Records supplied.
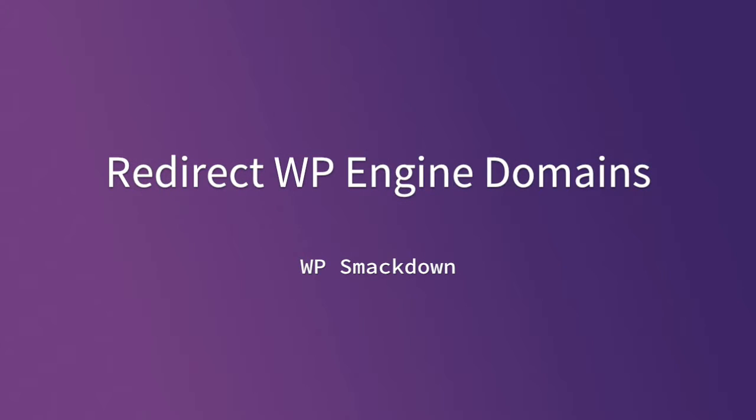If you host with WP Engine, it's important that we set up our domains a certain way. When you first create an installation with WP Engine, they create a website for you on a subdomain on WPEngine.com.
==
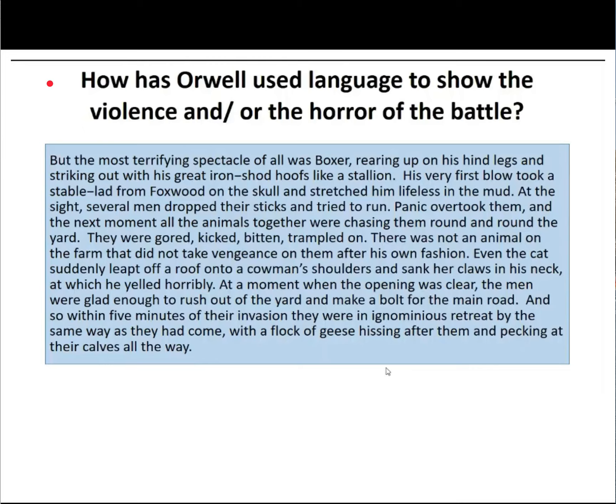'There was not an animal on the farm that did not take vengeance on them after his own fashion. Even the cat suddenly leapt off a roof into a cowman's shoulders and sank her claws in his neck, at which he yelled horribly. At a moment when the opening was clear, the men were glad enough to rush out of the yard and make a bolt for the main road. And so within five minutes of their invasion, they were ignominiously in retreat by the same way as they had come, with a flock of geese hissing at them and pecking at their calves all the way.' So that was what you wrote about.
--
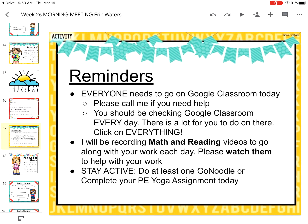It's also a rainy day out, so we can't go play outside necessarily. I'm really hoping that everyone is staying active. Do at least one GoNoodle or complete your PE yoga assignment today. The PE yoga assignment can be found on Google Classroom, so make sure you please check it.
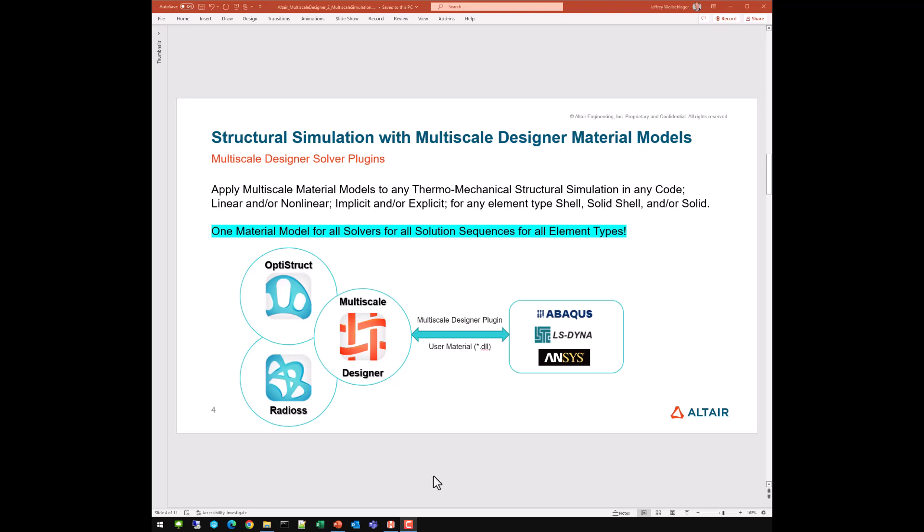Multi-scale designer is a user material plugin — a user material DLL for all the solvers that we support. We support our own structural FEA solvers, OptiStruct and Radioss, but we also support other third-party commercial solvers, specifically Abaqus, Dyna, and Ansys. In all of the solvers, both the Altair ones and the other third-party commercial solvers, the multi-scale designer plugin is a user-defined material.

The task. In the records above, find the line with "It's also a" and the line with "Multi-scale designer is"; please transcribe exactly those two lines and all lines between them, omitting any picture.

Exercise answer.
It's also a rainy day out, so we can't go play outside necessarily. I'm really hoping that everyone is staying active. Do at least one GoNoodle or complete your PE yoga assignment today. The PE yoga assignment can be found on Google Classroom, so make sure you please check it.
Multi-scale designer is a user material plugin — a user material DLL for all the solvers that we support. We support our own structural FEA solvers, OptiStruct and Radioss, but we also support other third-party commercial solvers, specifically Abaqus, Dyna, and Ansys. In all of the solvers, both the Altair ones and the other third-party commercial solvers, the multi-scale designer plugin is a user-defined material.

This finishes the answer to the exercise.